Preparing for Future Students
CC is making every effort to move toward not having to consider a prospective student’s financial situation when deciding admission. This approach is known as “need blind.”
The college has determined that $90 million in additional scholarship support would move CC one-third of the way to achieving that goal. Such resources would make CC accessible for more qualified students, particularly those from lower- and middle-class families. At the same time, it would make CC more competitive among peer institutions vying for prospective students.
Altogether, $80 million in endowed funds would create more than 160 new endowed scholarships, giving the college ability to provide financial aid to 880 students versus the 713 students CC is able to support today. An additional $10 million would provide non-endowed, expendable funds for scholarships.
One way CC is preparing for the financial needs of future students is through the $10 million Endowed Scholarship Challenge 101. An alumnus of Colorado College, who wishes to remain anonymous, set up an endowed scholarship fund through his estate plans and issued a challenge to fellow graduates and friends of CC to join him in establishing 101 new scholarships or enhancing existing scholarships.

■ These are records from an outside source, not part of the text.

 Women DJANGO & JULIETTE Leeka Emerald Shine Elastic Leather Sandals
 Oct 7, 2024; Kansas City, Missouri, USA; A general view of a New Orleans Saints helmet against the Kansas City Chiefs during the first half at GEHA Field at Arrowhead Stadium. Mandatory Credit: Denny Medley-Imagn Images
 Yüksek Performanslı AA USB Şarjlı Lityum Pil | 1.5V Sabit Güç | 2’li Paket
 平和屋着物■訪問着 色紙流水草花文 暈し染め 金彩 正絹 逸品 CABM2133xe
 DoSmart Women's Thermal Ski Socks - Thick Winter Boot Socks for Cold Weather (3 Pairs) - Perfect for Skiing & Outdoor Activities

Donations made through estate plans and gifts through June 30, 2018, are eligible for the challenge, which is anticipated to add $20 million in scholarship funding.

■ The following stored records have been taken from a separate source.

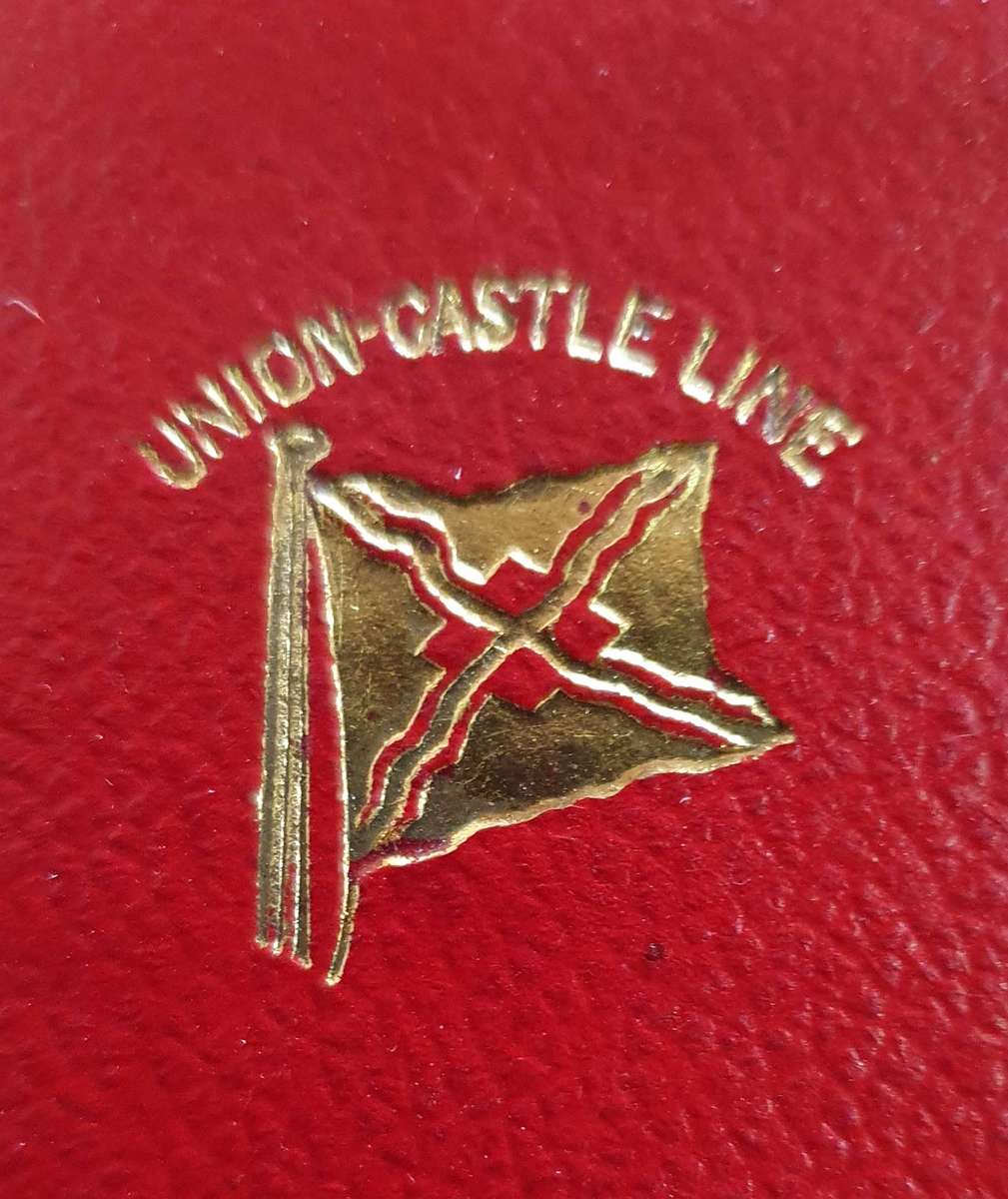 1900 UNION CASTLE LINE " CAPE MAIL EXPRESS" PASSENGER INFORMATION BOOK AND TICKET AND CARD HOLDER.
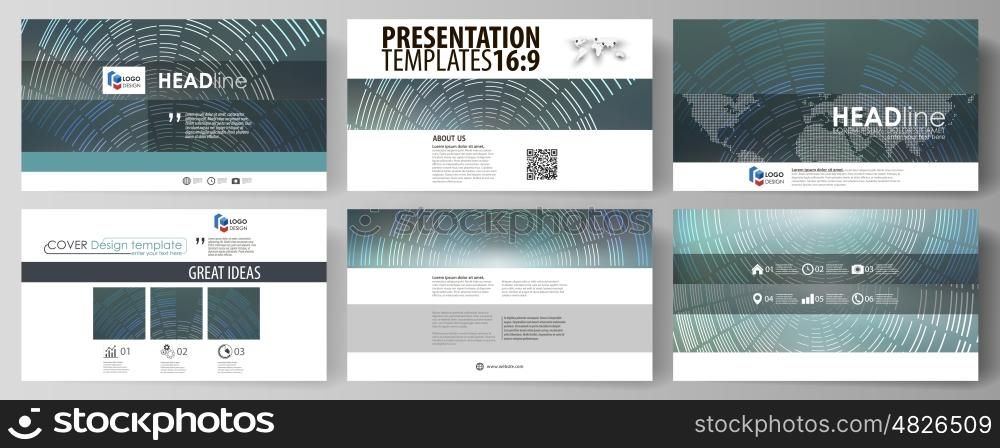 Business templates in HD format for presentation slides. Easy editable abstract vector layouts in flat design. Technology background in geometric style made from circles.. Business templates in HD format for presentation slides. Easy editable abstract vector layouts in flat design. Technology background in geometric style made from circles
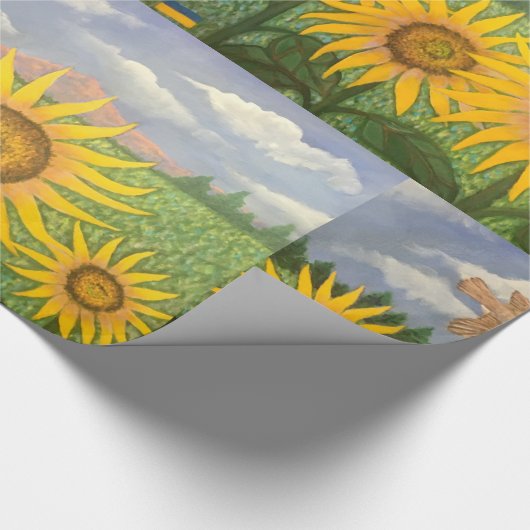 Zonnebloemen voor Oekraïne Cadeaupapier (Hoek)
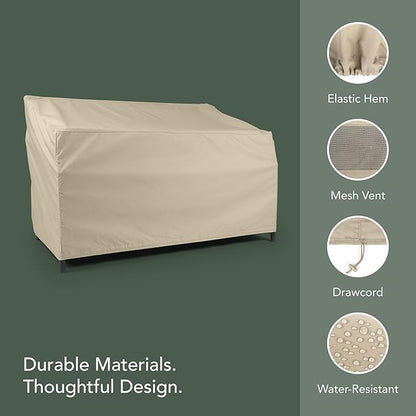 Covermates Elite Outdoor Patio Sofa Cover – Water-Resistant 300D Polyester, Double-Stitched Seams, Elastic Hem, Auto-Locking Drawcord & Mesh Vent for Moderate Weather, 88W x 40D x 36H, Khaki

Fifty years after graduating from Colorado College as a Barnes Scholar, Robert Grant ’65 called his alma mater to make a significant commitment to the Otis A. and Margaret T. Barnes Chemistry Scholarship Fund, which was established by Otis Barnes, professor of chemistry, and his wife, Margaret Tyson Barnes ’27. Grant’s call to the college happened to be on the first day of the CC Scholarship Challenge 101.
“It was purely a coincidence that I called the college on July 1, 2015, but it was great to learn that because of timing and the tremendous generosity of someone else my commitment will be multiplied,” said Grant, whose $200,000 designation will draw another $100,000 for scholarships through the challenge.

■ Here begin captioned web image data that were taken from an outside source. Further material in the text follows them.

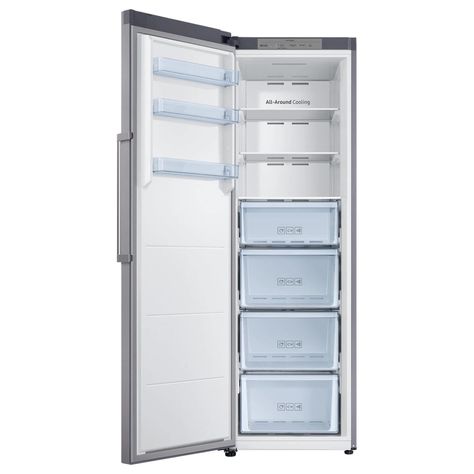 The 11.4 cu. ft. Samsung Convertible Upright Freezer features a convertible zone that can switch from freezer to fridge. It's designed for flexibility with removable drawers, adjustable door bins and shelves. High-efficiency LED lighting makes it easy to find exactly what you are looking for. A convertible freezer, which can switch between freezer and fridge, is perfect for any home, no matter what your needs. All drawers can be removed for more shelf space, door bins can be raised and lowered, and shelves can be adjusted. Design it for what you need to store. Speeds up the freezing process at maximum fan speed and can maintain full speed for 50 hours. Convertible zone Organzational options Reversible door 11.4 cu. ft. capacity High-Efficiency LED lighting Digital display buttons 4 tempera Space Door, Tall Fridge, Samsung Appliances, Stainless Steel Fridge, Ice Makers, Small House Floor Plans, Upright Freezer, Freezers, Fridge Freezers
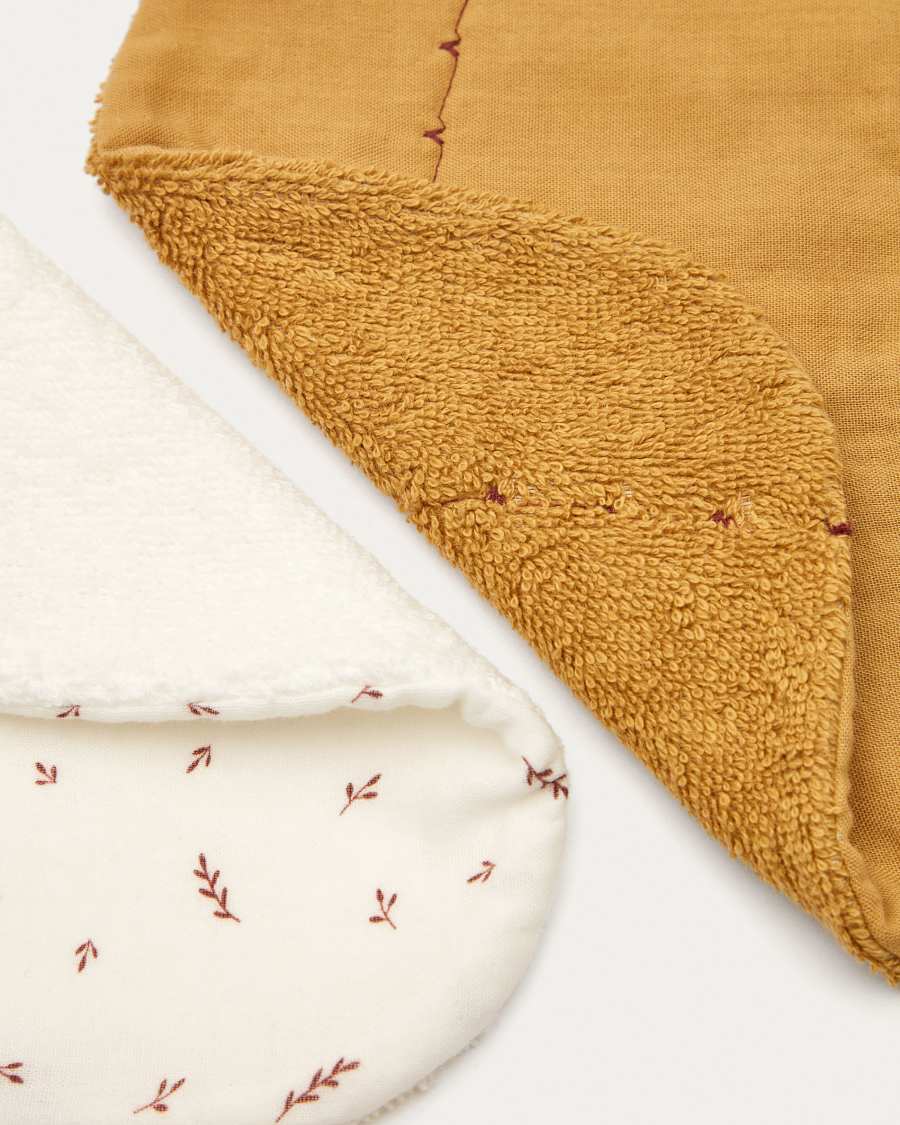 Σετ 2 σαλιάρες Deya, βαμβάκι, μουσταρδί και λευκό εμπριμέ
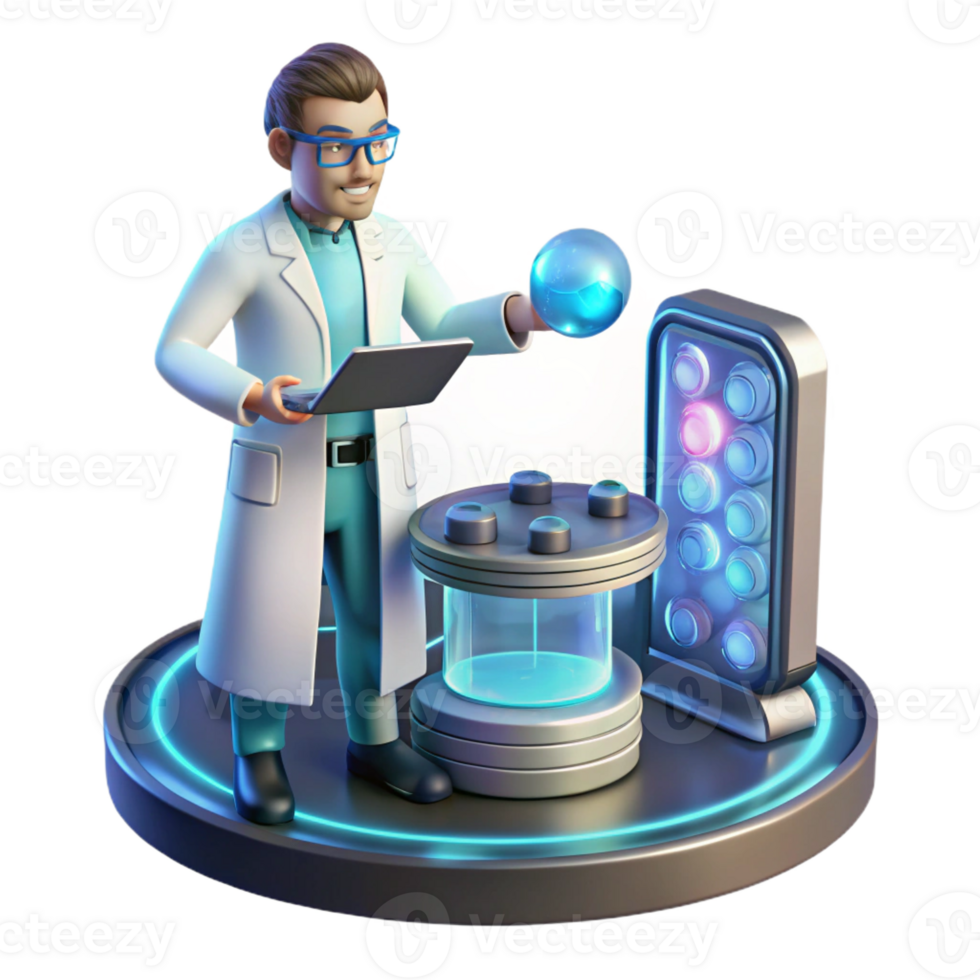 stunning vintage A Scientist Working on a Complex Holograph authentic png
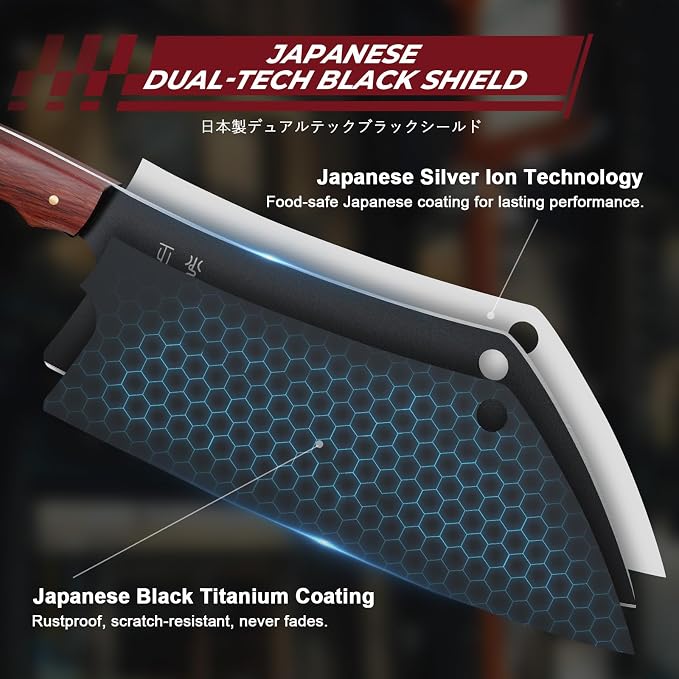 DRGSKL Meat Cleaver Knife 8 inch - Black Butcher Knife for Meat Cutting | Japanese ATS-34 Steel, Full Tang, Ergonomic Walnut Handle, Precision Cutting, Gift Box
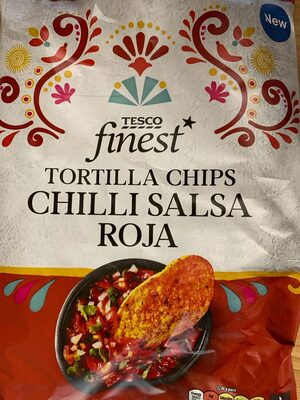 TESCO finest TORTILLA CHIPS CHILLI SALSA ROJA Serv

Additionally, CC is working to grow its Annual Fund, which provides unrestricted, expendable support for priority projects like scholarships. The Annual Fund is an essential component of CC’s yearly operating budget.
“A strong Annual Fund allows the college to respond quickly to new opportunities or urgent needs. For example, if a student’s financial situation changes, perhaps a parent loses a job, gifts to the Annual Fund could be used to help increase that student’s aid to allow him or her to continue to attend CC,” says Kerry Brooke Steere, director of annual giving.
Steere notes that modest gifts can make a significant difference. In fiscal year 2015, gifts of $250 or less, combined, raised $844,000 for CC — an amount roughly equivalent to financial aid packages for 24 students. And, those gifts had an immediate impact, benefiting students on campus today.
Additional funding will further open the college’s doors to the best and the brightest from all walks of life. The admission of more students with the potential to thrive at CC, regardless of their families’ economic circumstances, will invigorate the entire campus community. By bolstering robust financial aid packages, the college will broaden access to the Block Plan.